## PROBLEM TO WORK ON
There is one span to output from the data below: the lines starting at the line with "Casa spațioasă de" and ending at the line with "ブラジル産 0.91ct 識別済[210611300]6.1×6.1mm前後". Output it exactly, ends included, nothing more.

***** RECORDS TO PROCESS

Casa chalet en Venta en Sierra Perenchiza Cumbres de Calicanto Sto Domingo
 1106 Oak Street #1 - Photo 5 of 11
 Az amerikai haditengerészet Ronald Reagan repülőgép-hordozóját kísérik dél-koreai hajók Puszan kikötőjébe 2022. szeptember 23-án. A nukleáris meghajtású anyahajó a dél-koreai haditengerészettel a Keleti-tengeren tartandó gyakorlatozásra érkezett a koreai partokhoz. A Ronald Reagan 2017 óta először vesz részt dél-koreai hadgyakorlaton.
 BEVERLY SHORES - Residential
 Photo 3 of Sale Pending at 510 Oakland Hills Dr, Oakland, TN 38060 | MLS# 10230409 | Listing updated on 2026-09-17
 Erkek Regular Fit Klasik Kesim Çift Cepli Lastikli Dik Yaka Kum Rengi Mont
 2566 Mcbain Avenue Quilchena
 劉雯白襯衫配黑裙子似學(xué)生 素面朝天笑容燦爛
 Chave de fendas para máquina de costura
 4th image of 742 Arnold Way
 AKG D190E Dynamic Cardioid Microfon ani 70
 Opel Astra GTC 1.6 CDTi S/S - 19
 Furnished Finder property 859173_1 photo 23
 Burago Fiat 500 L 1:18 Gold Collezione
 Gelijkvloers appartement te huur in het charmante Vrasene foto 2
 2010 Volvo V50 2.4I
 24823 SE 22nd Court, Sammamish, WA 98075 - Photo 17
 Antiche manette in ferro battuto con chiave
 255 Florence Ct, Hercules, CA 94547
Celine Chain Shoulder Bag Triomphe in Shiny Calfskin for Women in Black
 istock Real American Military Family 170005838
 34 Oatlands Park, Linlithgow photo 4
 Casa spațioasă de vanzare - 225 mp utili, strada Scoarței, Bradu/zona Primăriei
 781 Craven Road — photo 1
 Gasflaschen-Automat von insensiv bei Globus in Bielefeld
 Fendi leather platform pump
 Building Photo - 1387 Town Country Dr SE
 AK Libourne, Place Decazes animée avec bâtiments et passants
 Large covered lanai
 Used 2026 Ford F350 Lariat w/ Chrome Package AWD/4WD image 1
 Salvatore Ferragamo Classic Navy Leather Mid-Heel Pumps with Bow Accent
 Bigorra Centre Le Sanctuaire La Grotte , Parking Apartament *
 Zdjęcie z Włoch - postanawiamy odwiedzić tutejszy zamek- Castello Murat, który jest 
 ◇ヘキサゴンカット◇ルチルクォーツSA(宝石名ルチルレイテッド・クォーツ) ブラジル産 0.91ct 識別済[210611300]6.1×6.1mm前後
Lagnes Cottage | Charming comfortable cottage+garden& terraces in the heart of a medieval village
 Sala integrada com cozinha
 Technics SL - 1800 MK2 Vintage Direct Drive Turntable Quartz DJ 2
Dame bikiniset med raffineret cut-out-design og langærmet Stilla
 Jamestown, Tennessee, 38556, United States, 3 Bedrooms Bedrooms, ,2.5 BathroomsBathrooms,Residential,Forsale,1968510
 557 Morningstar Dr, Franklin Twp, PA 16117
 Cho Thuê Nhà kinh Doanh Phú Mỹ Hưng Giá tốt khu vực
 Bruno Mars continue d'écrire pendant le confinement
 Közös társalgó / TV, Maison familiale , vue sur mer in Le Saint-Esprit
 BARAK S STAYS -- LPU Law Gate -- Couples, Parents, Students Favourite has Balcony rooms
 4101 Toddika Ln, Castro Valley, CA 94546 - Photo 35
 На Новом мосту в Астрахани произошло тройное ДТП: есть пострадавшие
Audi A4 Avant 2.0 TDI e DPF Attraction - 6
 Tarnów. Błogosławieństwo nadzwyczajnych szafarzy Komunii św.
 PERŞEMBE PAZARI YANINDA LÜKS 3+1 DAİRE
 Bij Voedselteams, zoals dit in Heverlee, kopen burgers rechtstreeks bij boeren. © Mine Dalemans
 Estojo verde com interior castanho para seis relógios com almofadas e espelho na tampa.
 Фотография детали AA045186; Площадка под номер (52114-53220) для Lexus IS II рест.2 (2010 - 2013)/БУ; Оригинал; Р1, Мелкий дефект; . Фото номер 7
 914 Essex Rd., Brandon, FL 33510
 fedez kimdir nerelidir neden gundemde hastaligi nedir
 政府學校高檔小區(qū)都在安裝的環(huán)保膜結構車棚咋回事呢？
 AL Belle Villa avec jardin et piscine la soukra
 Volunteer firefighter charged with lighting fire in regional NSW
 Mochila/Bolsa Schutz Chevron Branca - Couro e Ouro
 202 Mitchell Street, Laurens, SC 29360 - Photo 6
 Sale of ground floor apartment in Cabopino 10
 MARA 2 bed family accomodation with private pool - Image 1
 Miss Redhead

**********

## RESULT
 Casa spațioasă de vanzare - 225 mp utili, strada Scoarței, Bradu/zona Primăriei
 781 Craven Road — photo 1
 Gasflaschen-Automat von insensiv bei Globus in Bielefeld
 Fendi leather platform pump
 Building Photo - 1387 Town Country Dr SE
 AK Libourne, Place Decazes animée avec bâtiments et passants
 Large covered lanai
 Used 2026 Ford F350 Lariat w/ Chrome Package AWD/4WD image 1
 Salvatore Ferragamo Classic Navy Leather Mid-Heel Pumps with Bow Accent
 Bigorra Centre Le Sanctuaire La Grotte , Parking Apartament *
 Zdjęcie z Włoch - postanawiamy odwiedzić tutejszy zamek- Castello Murat, który jest 
 ◇ヘキサゴンカット◇ルチルクォーツSA(宝石名ルチルレイテッド・クォーツ) ブラジル産 0.91ct 識別済[210611300]6.1×6.1mm前後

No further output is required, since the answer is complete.